Cape Town - Groote Schuur Hospital, one of the country’s foremost hospitals, came in for criticism in the Supreme Court of Appeal on Friday when Judge Carol Lewis said it had been “undoubtedly negligent” in that it had taken two hours for a critically injured teenage rugby player to be seen by a doctor.
He then lay waiting in a corridor for a further four hours, the judge said, presiding over an appeal in the case of Charles Oppelt, now 29, who was left permanently paralysed and a tetraplegic after a rugby injury in 2002.
Oppelt, who was playing for the Mamre Rugby Club at the time of the incident, successfully sued the provincial Health Department in the High Court here. But the department appealed, and that challenge was heard on Friday by five appeal judges, with Judge Lewis presiding.

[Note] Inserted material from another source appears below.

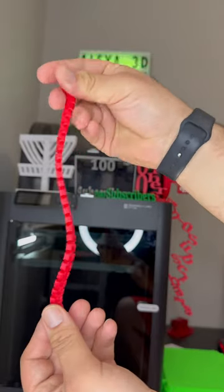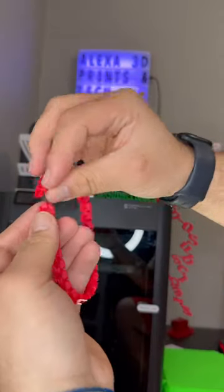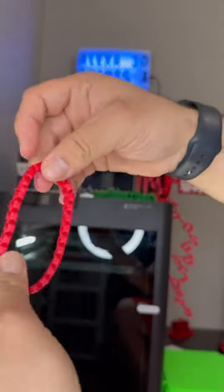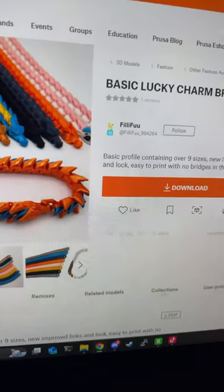Today I 3D printed this bracelet — I found it on Printables and it came out fantastic. It's extremely lightweight, flexible, and easy to clip together, and it stays together once you get it clipped, which means you could probably wear it all day. It's pretty impressive the things that you can do with a 3D printer, like making jewelry like this. Here's the Printables page.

In the spotlight during argument on Friday were Groote Schuur’s standard admission, treatment and referral procedures as the court probed why Oppelt had not been taken immediately to Conradie Hospital, which specialised in the treatment of spinal cord injuries such as that suffered by Oppelt.
Advocate Theoniel Potgieter, SC, for the department, denied there had been any negligence in Oppelt’s case. He said the protocol Oppelt claims should have been followed in his case was appropriate for rugby injuries, but that the department could not shape its policies based on the needs of such a small group.

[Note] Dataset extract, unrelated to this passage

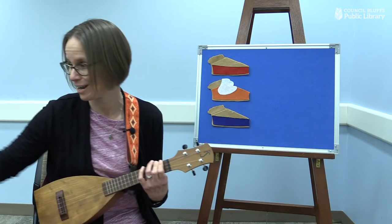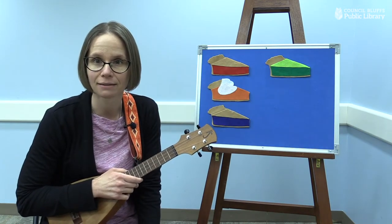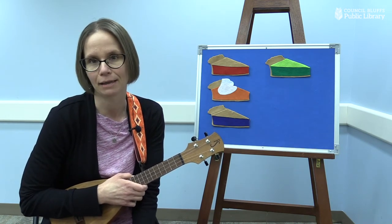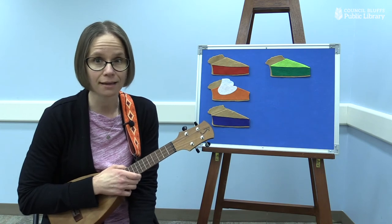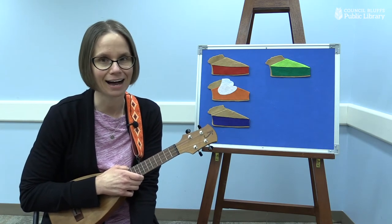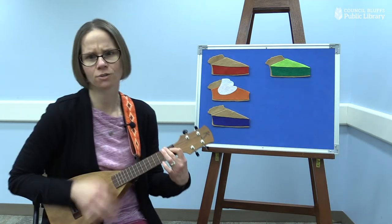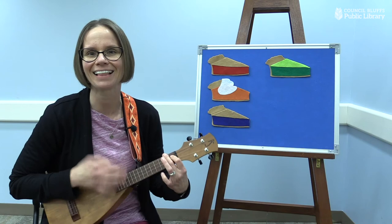We have so many more yummy pies to talk about. Let's see what else we have. Ooh, this is a very bright pie. What color is that pie? That pie is green, isn't it? And this one's a little bit tricky — this is not a very common type of pie; we don't see it all the time. Can you think of a green fruit that would make a green pie? That's a hard one. This is a lime pie — we actually call it a key lime pie. Let's sing about our green key lime pie. It's my key lime pie. Green slice of happy, such a sweet surprise. Tastes so good, makes me go yum, yum. Sweet key lime pie. Oh, yeah.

Potgieter said it could not be expected that the department, with its “vast public responsibilities and limited resources”, should “focus for a certain time each year – the rugby season – on an extremely limited number of patients – rugby players who suffer spinal injuries”.
In particular, it was not reasonable to expect that the department should meet the timeline for treatment of such injuries recommended by one of the department’s specialists, orthopaedic surgeon Dr Dennis Newton.
This was a reference to evidence given in the High Court by Newton who said that if a patient with a spinal cord injury like Oppelt’s was treated “within four hours”, the chances of a good recovery were far greater.
The court debated the significance of “Newton’s theory”, with both sides to the dispute, and suggested that his “theory” was not necessarily good science because of shortcomings such as the limited sample of cases.
However, all parties agreed that time was of the essence in such cases, and that the earlier the treatment the better the chances of recovery.
Willie Duminy, SC, for Oppelt, said based on agreement that treatment to spinal cord injuries should take place as soon as possible, and leaving aside Newton’s particular theory, the department still had major difficulties in showing that it was not negligent.
First, a close study of events after the accident showed that it should have been possible for Oppelt to have reached Conradie Hospital within the four hour “window” anyway.
Any time taken beyond that was evidence of negligence.
If each link in the chain had acted properly, if all the procedures had been followed correctly, the operation on Oppelt could have been completed “within three hours and with no fuss”.
Second, even without Newton’s theory, medical evidence by other experts in the trial had made the urgency of such cases clear.
According to that evidence, the physiological facts were well known: quick and urgent action was needed to reverse the interruption of blood supply caused by such an accident.
Newton had told the court that “any general practitioner” would know that if the blood supply to human neurological tissue was cut for longer than four hours it would result in irreversible damage.
In other words, Duminy argued, all reasonable medical practitioners would know that corrective procedures should be carried out as quickly as possible, and that action within the first four hours was critical.
Judge Lewis and other members of the Bench asked whether it was more probable than not that dealing with Oppelt’s injuries only 13 hours after the accident would have led to paralysis.
But Potgieter said that Oppelt’s case was tied to the first four hours.
According to Potgieter, the response of medical personnel at each step had been reasonable; and if reasonable action by the department’s personnel could still only have resulted in treatment outside that four hours, then the High Court judgment would have to be overturned. The court has reserved judgment, but its decision will be critical for Oppelt.
He has significant ongoing medical expenses and struggles to make a living selling groceries out of a garage shop. If the department wins the appeal, Oppelt will be faced with enormous legal costs; if the appeal is dismissed, the case will go back to the High Court to determine what compensation he should be paid by the department.